Govt rejects IMF plan on minerals royalties

State House--Dar
The government has rejected a proposal by the International Monetary Fund (IMF) to introduce a new system to calculate mining royalties because doing so would adversely affect tax collections.

Had the government agreed to introduce the single royalty payment, the amount of tax the government collects from the mining firms would have dropped significantly.

The IMF wanted the government to introduce a one-off royalty payment procedure, according to documents seen by The Citizen, but the government objected on the grounds that its income would be hit hard if they were adopted.
The proposal by IMF was discussed late last year by a team of government officials, Tanzania Revenue Authority (TRA) experts and auditors from the Tanzania Minerals Audit Agency (TMAA).

According to minutes of the meeting, royalty collections from the mining companies would drop drastically if the government opted to the single royalty payment system.

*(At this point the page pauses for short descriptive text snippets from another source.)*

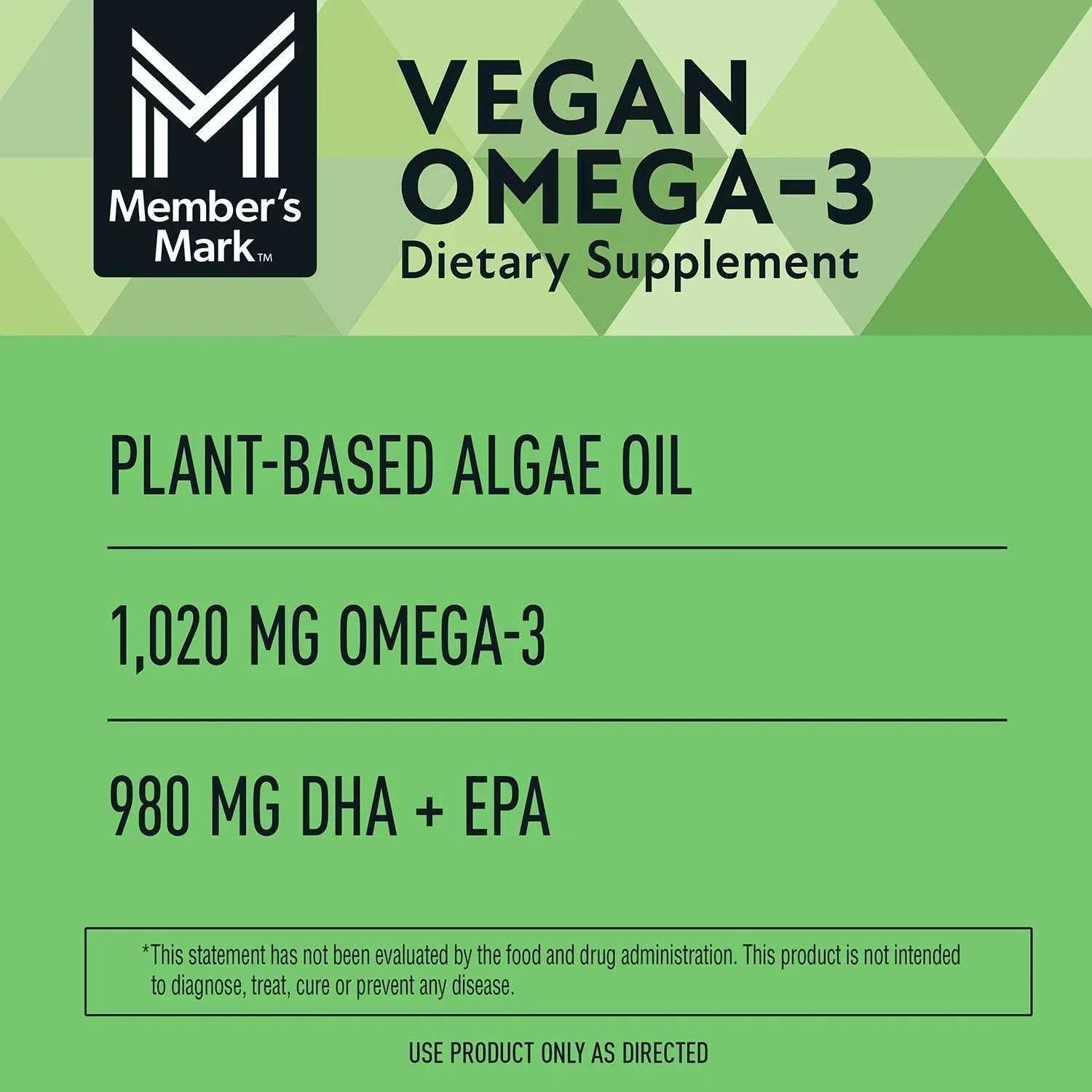 Member’s Mark Vegan Omega-3 Dietary Supplement Softgels, 150 Count
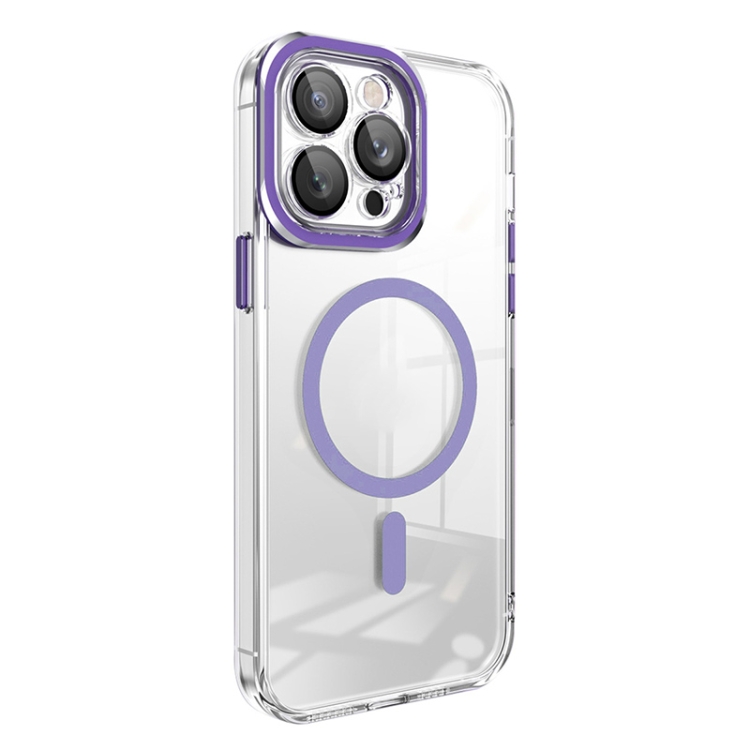 

For iPhone 14 Pro Lens Protector MagSafe Phone Case(Purple)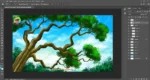 Tree Branches and Green Foliage PSD  ( Birds ) Background for Animation | Animation Ki Duniya - Image 3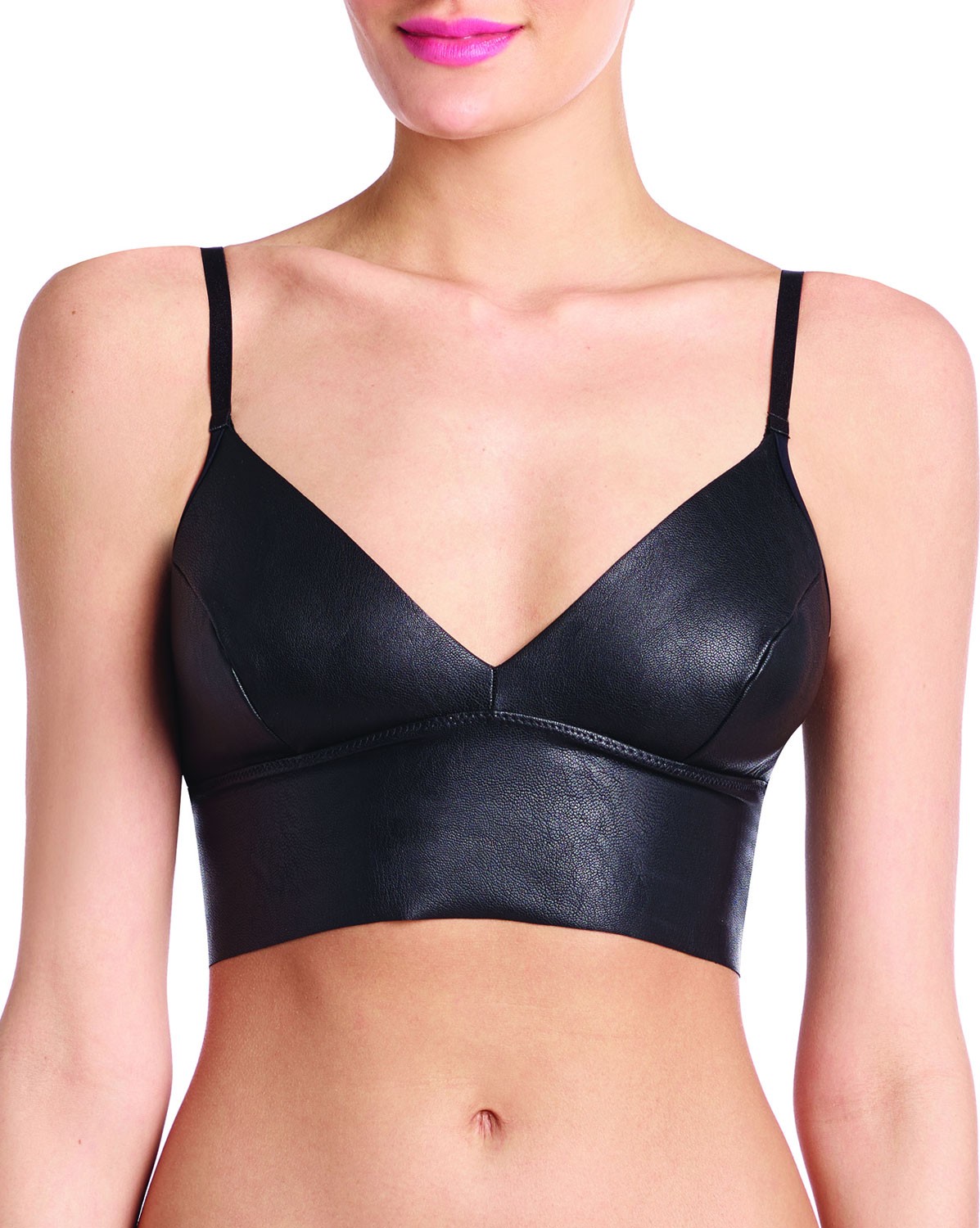 Commando Faux-Leather Long-Line Bralette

The royalties are the only form of tax the government is assured of collecting from the mining companies. They are calculated on the basis of the mineral or gemstone in question.

The government rejected the proposals on the grounds of the fluid nature of gold prices on the international market.

TMAA analysis reveals, for instance, that it takes gold bullion 10 days on average to move from the date of export to the date of actual sale on the international market. By then, the price is different from the one used to calculate the royalty.

Since royalty is the only reliable source of revenue from the sector, the government argues, altering it would not be favourable. The government is aware that current royalties are low compared to what is paid in countries such as Botswana and Ghana, according to minutes signed by a TMAA official. Based on this, the government could consider increasing the rates and still remain competitive in the region.

But the government is ready to consider another proposal by the IMF that involves introducing a resource rent tax, as is the case in some countries. Nevertheless, that taxation could only be implemented in a few mines.